Problem details: Copy the records below character for character.

Brief descriptive captions:

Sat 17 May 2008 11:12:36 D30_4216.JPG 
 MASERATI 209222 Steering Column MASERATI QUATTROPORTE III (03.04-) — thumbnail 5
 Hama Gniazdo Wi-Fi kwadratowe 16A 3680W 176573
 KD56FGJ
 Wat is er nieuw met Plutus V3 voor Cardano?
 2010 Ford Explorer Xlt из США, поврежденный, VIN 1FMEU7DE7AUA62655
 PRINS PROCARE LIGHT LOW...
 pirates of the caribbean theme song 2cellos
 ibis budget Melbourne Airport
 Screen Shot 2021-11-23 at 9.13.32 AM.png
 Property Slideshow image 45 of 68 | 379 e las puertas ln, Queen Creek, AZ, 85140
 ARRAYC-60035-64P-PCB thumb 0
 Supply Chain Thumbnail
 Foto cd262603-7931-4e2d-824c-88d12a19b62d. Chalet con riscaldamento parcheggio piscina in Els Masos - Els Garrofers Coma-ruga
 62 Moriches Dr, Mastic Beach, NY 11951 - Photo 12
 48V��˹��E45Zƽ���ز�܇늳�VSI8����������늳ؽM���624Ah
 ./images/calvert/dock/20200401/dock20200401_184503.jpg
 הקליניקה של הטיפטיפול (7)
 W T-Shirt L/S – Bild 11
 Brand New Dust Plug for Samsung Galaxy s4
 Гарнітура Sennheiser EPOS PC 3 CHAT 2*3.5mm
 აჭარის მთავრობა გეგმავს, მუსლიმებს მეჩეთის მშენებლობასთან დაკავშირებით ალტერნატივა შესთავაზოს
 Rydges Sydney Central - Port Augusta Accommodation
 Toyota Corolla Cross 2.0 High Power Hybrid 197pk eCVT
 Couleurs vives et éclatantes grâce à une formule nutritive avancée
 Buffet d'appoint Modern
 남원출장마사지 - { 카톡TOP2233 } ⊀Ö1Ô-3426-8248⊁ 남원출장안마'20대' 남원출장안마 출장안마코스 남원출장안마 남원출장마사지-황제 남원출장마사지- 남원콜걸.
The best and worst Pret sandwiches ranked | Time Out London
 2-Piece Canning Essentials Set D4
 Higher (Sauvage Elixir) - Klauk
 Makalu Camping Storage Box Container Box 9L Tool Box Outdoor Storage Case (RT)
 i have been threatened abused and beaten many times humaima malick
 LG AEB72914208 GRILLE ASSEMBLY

Task solution:
Sat 17 May 2008 11:12:36 D30_4216.JPG 
 MASERATI 209222 Steering Column MASERATI QUATTROPORTE III (03.04-) — thumbnail 5
 Hama Gniazdo Wi-Fi kwadratowe 16A 3680W 176573
 KD56FGJ
 Wat is er nieuw met Plutus V3 voor Cardano?
 2010 Ford Explorer Xlt из США, поврежденный, VIN 1FMEU7DE7AUA62655
 PRINS PROCARE LIGHT LOW...
 pirates of the caribbean theme song 2cellos
 ibis budget Melbourne Airport
 Screen Shot 2021-11-23 at 9.13.32 AM.png
 Property Slideshow image 45 of 68 | 379 e las puertas ln, Queen Creek, AZ, 85140
 ARRAYC-60035-64P-PCB thumb 0
 Supply Chain Thumbnail
 Foto cd262603-7931-4e2d-824c-88d12a19b62d. Chalet con riscaldamento parcheggio piscina in Els Masos - Els Garrofers Coma-ruga
 62 Moriches Dr, Mastic Beach, NY 11951 - Photo 12
 48V��˹��E45Zƽ���ز�܇늳�VSI8����������늳ؽM���624Ah
 ./images/calvert/dock/20200401/dock20200401_184503.jpg
 הקליניקה של הטיפטיפול (7)
 W T-Shirt L/S – Bild 11
 Brand New Dust Plug for Samsung Galaxy s4
 Гарнітура Sennheiser EPOS PC 3 CHAT 2*3.5mm
 აჭარის მთავრობა გეგმავს, მუსლიმებს მეჩეთის მშენებლობასთან დაკავშირებით ალტერნატივა შესთავაზოს
 Rydges Sydney Central - Port Augusta Accommodation
 Toyota Corolla Cross 2.0 High Power Hybrid 197pk eCVT
 Couleurs vives et éclatantes grâce à une formule nutritive avancée
 Buffet d'appoint Modern
 남원출장마사지 - { 카톡TOP2233 } ⊀Ö1Ô-3426-8248⊁ 남원출장안마'20대' 남원출장안마 출장안마코스 남원출장안마 남원출장마사지-황제 남원출장마사지- 남원콜걸.
The best and worst Pret sandwiches ranked | Time Out London
 2-Piece Canning Essentials Set D4
 Higher (Sauvage Elixir) - Klauk
 Makalu Camping Storage Box Container Box 9L Tool Box Outdoor Storage Case (RT)
 i have been threatened abused and beaten many times humaima malick
 LG AEB72914208 GRILLE ASSEMBLY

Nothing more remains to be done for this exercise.